Objective To estimate the incremental cost-effectiveness of infliximab versus conventional combination treatment over 21 months in patients with methotrexate-refractory early rheumatoid arthritis.

Methods In this multicentre, two-arm, parallel, randomised, active-controlled, open-label trial, rheumatoid arthritis patients with <1 year symptom duration were recruited from 15 rheumatology clinics in Sweden between October 2002 and December 2005. After 3–4 months of methotrexate monotherapy, patients not achieving low disease activity were randomised to addition of infliximab or sulfasalazine+hydroxychloroquine (conventional treatment group). Costs of drugs, healthcare use, and productivity losses were retrieved from nationwide registers, while EuroQol 5-Dimensions utility was collected quarterly.

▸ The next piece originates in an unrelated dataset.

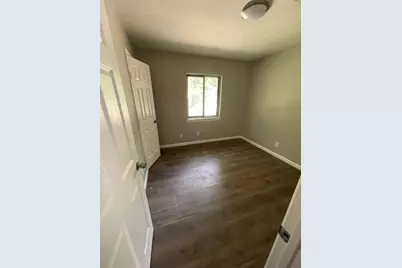 9902 Valley Sun Drive, Houston, TX 77078 - Photo 7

Results Of 487 patients initially enrolled, 128 and 130 were randomised to infliximab and conventional treatment, respectively. The infliximab group accumulated higher drug and healthcare costs (€27 487 vs €10 364; adjusted mean difference €16 956 (95% CI 14 647 to 19 162)), while productivity losses did not differ (€33 804 vs €29 220; €3961 (95% CI −3986 to 11 850)), resulting in higher societal cost compared to the conventional group (€61 291 vs €39 584; €20 916 (95% CI 12 800 to 28 660)). Mean accumulated quality-adjusted life-years (QALYs) did not differ (1.10 vs 1.12; adjusted mean difference favouring infliximab treatment 0.01 (95% CI −0.07 to 0.08)). The incremental cost-effectiveness ratios for the infliximab versus conventional treatment strategy were €2 404 197/QALY from the societal perspective and €1 948 919/QALY from the healthcare perspective.

Conclusions In early, methotrexate-refractory rheumatoid arthritis, a treatment strategy commencing with addition of infliximab, as compared to sulfasalazine+hydroxychloroquine, was not cost-effective over 21 months at willingness to pay levels generally considered acceptable.

Trial registration number: NCT00764725.